** Dataset entries **
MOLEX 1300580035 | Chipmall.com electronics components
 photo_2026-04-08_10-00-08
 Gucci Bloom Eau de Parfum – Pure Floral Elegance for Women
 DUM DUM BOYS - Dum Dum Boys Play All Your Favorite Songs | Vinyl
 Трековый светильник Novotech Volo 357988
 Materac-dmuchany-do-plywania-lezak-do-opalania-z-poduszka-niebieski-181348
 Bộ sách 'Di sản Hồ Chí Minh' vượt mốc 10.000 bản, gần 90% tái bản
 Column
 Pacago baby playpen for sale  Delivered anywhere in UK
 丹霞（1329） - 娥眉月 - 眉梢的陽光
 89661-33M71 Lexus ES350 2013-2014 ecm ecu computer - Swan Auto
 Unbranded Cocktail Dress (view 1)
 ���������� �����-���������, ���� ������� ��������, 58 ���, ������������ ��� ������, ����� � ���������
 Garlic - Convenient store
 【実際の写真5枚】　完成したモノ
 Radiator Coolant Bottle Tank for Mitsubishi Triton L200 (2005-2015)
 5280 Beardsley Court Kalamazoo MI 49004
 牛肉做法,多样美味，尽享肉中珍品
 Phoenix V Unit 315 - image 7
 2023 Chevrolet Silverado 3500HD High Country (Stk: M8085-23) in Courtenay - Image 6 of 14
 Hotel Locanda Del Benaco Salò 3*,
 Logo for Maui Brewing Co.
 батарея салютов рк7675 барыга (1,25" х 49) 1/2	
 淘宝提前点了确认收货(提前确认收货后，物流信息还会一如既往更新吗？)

** EXERCISE OBJECTIVE **
Starting at the line with "5280 Beardsley Court Kalamazoo MI 49004", copy every line up to and including the last one in the entries above.

** RESULT **
 5280 Beardsley Court Kalamazoo MI 49004
 牛肉做法,多样美味，尽享肉中珍品
 Phoenix V Unit 315 - image 7
 2023 Chevrolet Silverado 3500HD High Country (Stk: M8085-23) in Courtenay - Image 6 of 14
 Hotel Locanda Del Benaco Salò 3*,
 Logo for Maui Brewing Co.
 батарея салютов рк7675 барыга (1,25" х 49) 1/2	
 淘宝提前点了确认收货(提前确认收货后，物流信息还会一如既往更新吗？)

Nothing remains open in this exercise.